The nonprofit foundation Alphabet Soup wants a tool that can help it select the applicants for funding with the best chance of success in their ventures. With your knowledge of machine learning and neural networks, you’ll use the features in the provided dataset to create a binary classifier that can predict whether applicants will be successful if funded by Alphabet Soup.
- The 'IS_SUCCESSFUL' column from application_df is the target variable, this is what we are trying to predict. This shows if the money was used effectively.
- The feature variables we used are:
- AFFILIATION—Affiliated sector of industry
- CLASSIFICATION—Government organization classification
- USE_CASE—Use case for funding
- ORGANIZATION—Organization type
- STATUS—Active status
- INCOME_AMT—Income classification
- SPECIAL_CONSIDERATIONS—Special considerations for application
- ASK_AMT—Funding amount requested
What variable(s) should be removed from the input data because they are neither targets nor features?

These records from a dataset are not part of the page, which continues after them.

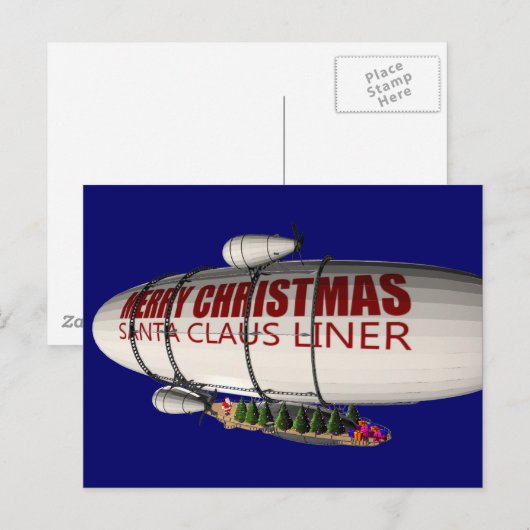 Sinterklaas in Zeppelin Feestdagenkaart (Voorkant / Achterkant)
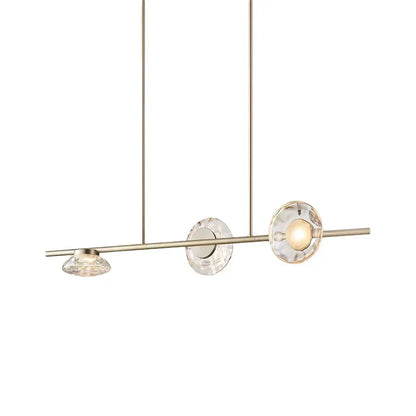 DecorBites™ Glass LED Chandeliers Gold Metal 3000K: Restaurant Parlor Kitchen Dining Lighting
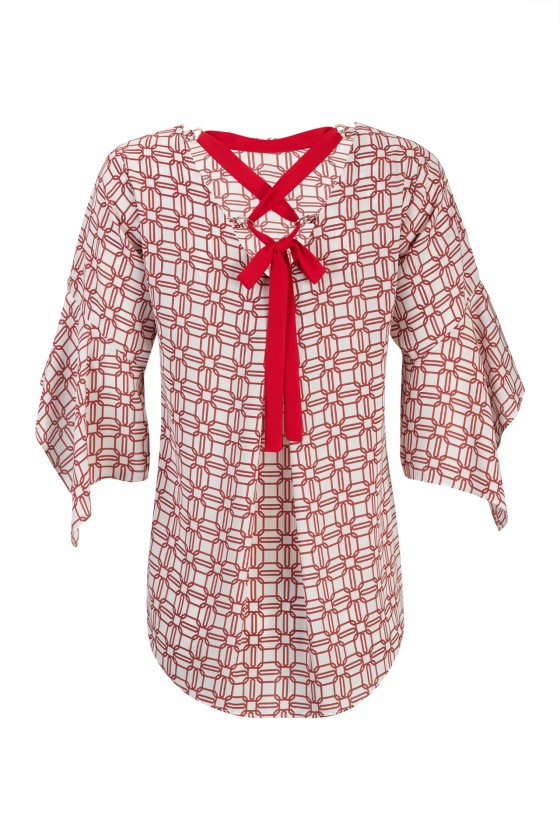 Blouse with back bow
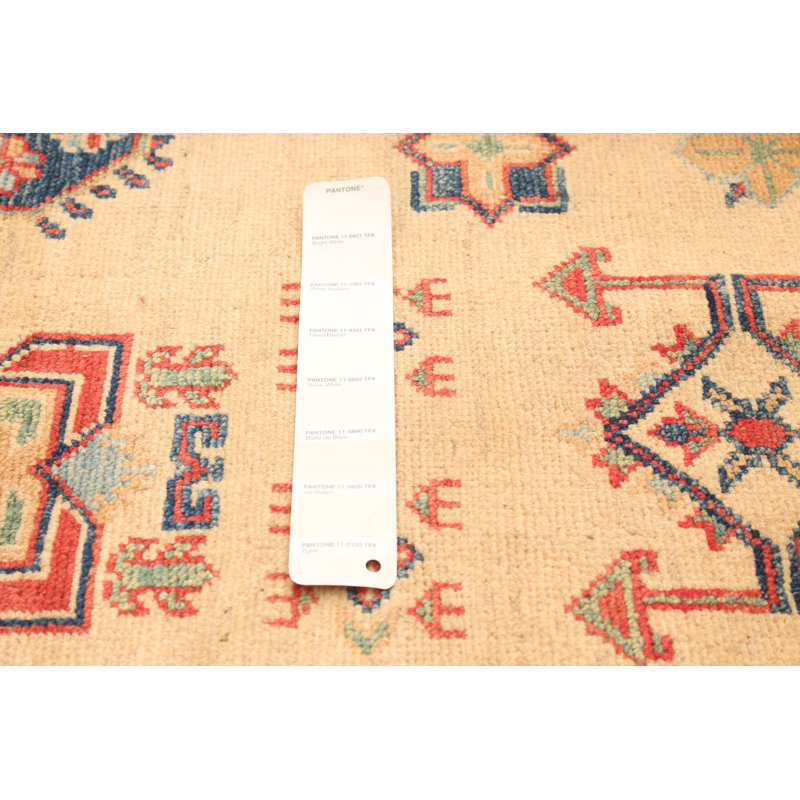 Tapis unique en laine noué à la main 5 pi 1 po x 6 pi 3 po nouvel âge Gurmail - orange / bleu / beige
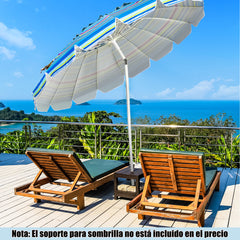 Sombrilla de Playa Parasol Regulable con Protección Solar UPF50+ Inclinable Portátil de Exterior Jardín Raya Azul Claro 2,2 x 2,45 m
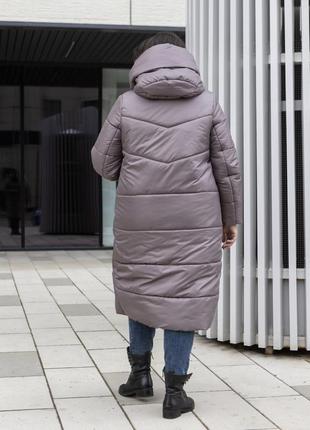 Удлиненная зимняя женская куртка батал 107 / р.48-64 / графит2 фото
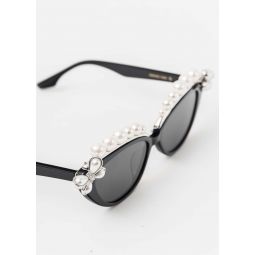 Plain Pearl Eyebrow Sunglasses - Black Multi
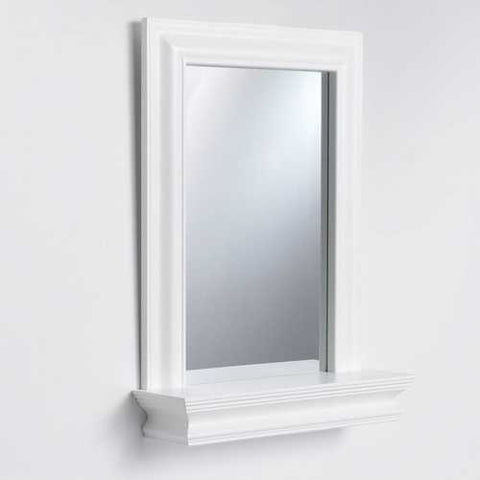 Image of Framed Bathroom Mirror Rectangular Shape with Bottom Shelf in White Wood Finish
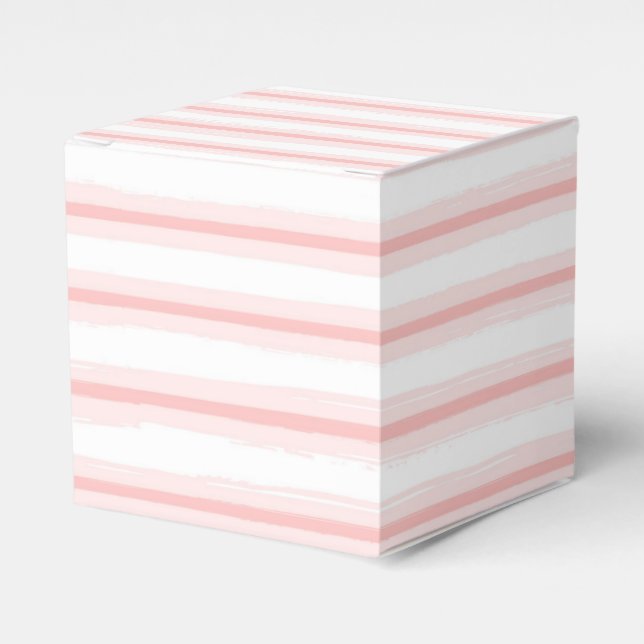 Elegant Pink and White Horizontal Stripes Pattern Favour Box (Front Side)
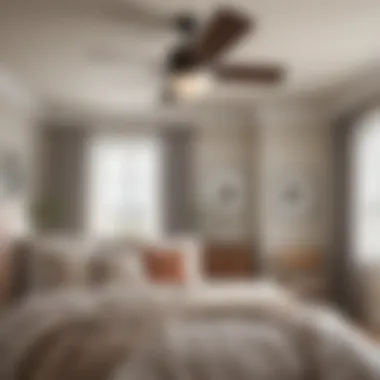Low Profile Ceiling Fan Installation in a Cozy Bedroom Low profile ceiling fan installation in a cozy bedroom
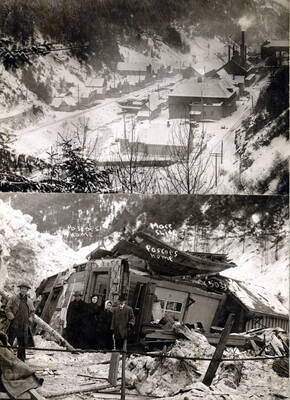 Pascoe home demolished by snowslide and view of Mace, Idaho.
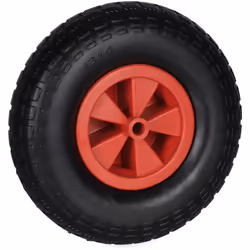 Relaxdays 4.00-6 Ruota Carriola, Gomma Piena Antipanne con Cerchione in Plastica, Ruotino, Fino a 100 kg, Nero Rosso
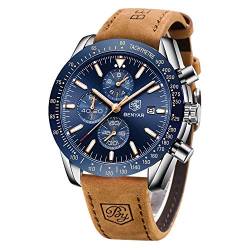 BENYAR Herren Uhr Chronograph Analogue Quartz Wasserdicht Business Blau Zifferblatt Armbanduhr mit Braunes Leder Armband von BY BENYAR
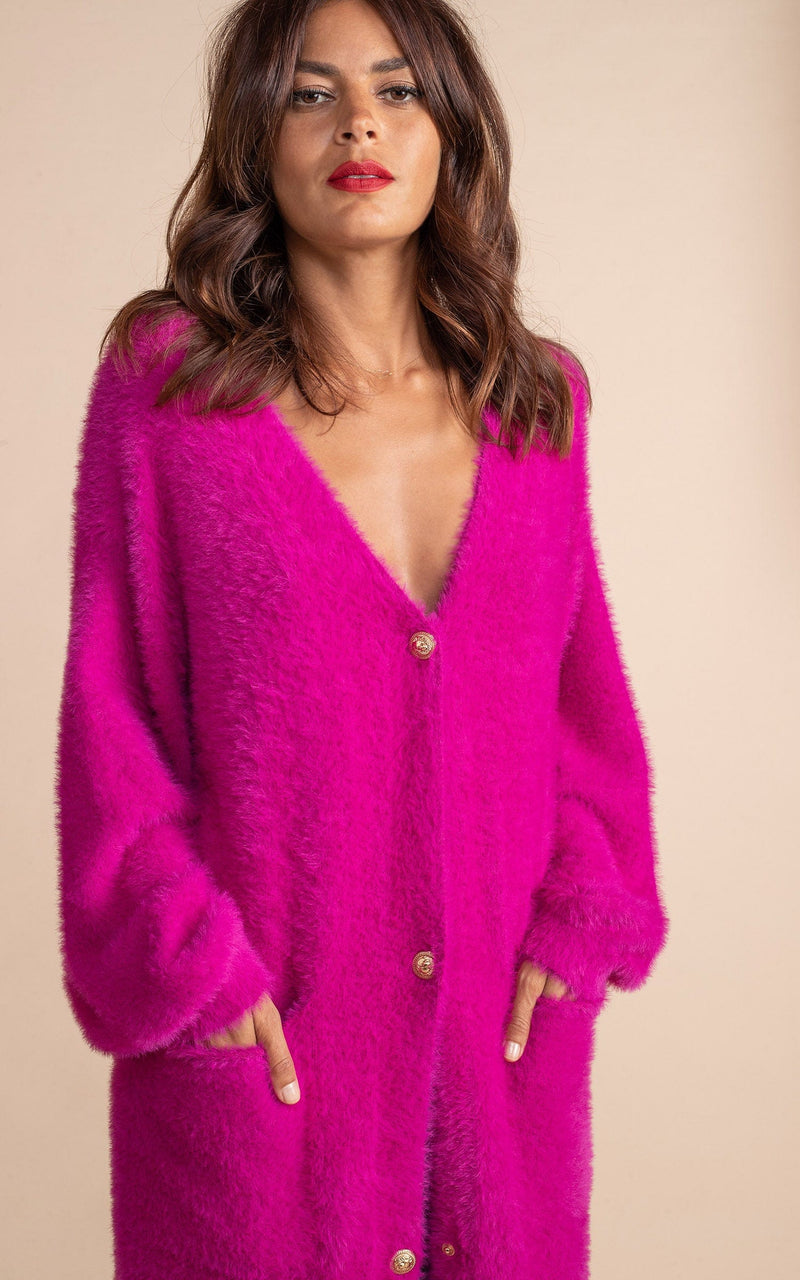 Taylor Longline Cardigan in Magenta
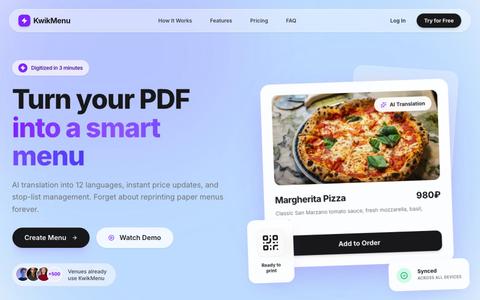 KwikMenu — AI Menu Digitization & QR Menus for Restaurants — screenshot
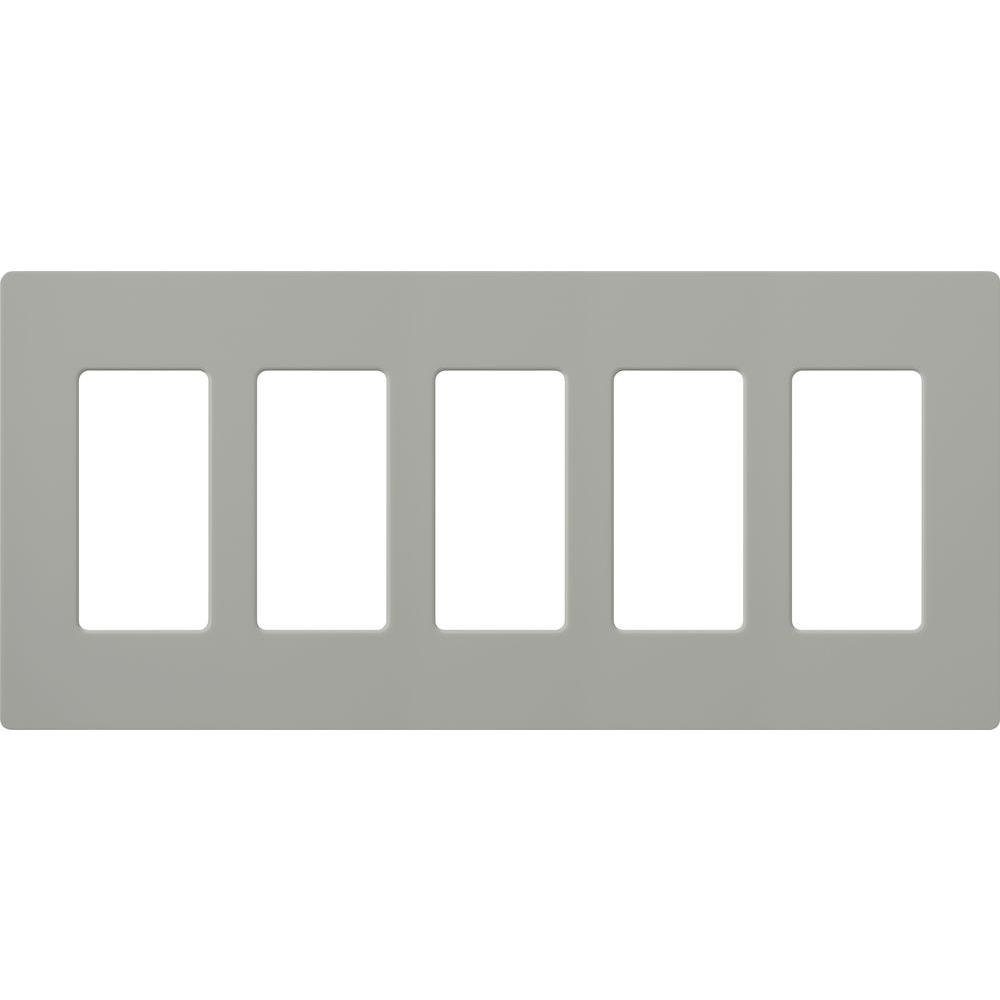 Lutron Claro 5 Gang Dekoratör/Rocker Duvar Plakası, Parlak, Gri (1'li Paket) | CW-5-GR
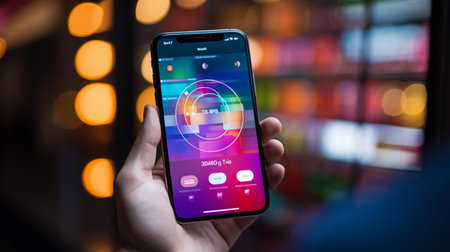 Smartphone screen displaying an app on a touch screen with bokeh backgroundの素材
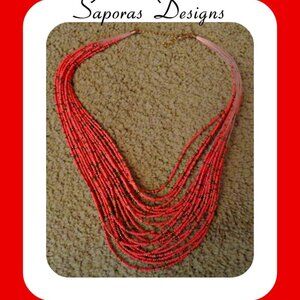 Multi-Stranded Pink & Brown Beaded Necklace Bohemian Design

- Identification columns: The "EIN" and "NAME" columns are identification columns that typically provide unique identifiers for each organization. These columns usually have no direct impact on the target variable and can be dropped without affecting the model's accuracy.
How many neurons, layers, and activation functions did you select for your neural network model, and why?
- In my first neural network model, I used a two-layer architecture with a specific choice for the number of neurons, layers, and activation functions.
-
By selecting 80 neurons in the first hidden layer (units_1 = 80), 30 neurons in the second hidden layer (units_2 = 30), and using the ReLU activation function (activation="relu") for both hidden layers, you aimed to create a model with sufficient complexity to capture and learn meaningful patterns in the data. The choice of ReLU activation helps introduce non-linearity and allows the model to learn complex relationships between the input features and the target variable.
-
Additionally, you used a single neuron in the output layer (units=1) with a sigmoid activation function (activation="sigmoid") to model the binary classification problem. The sigmoid activation function maps the output to a range between 0 and 1, representing the probability of the positive class.
-
In summary, the model architecture with the chosen number of neurons, layers, and activation functions aimed to strike a balance between complexity and simplicity, allowing the model to learn and generalize well on the given classification task.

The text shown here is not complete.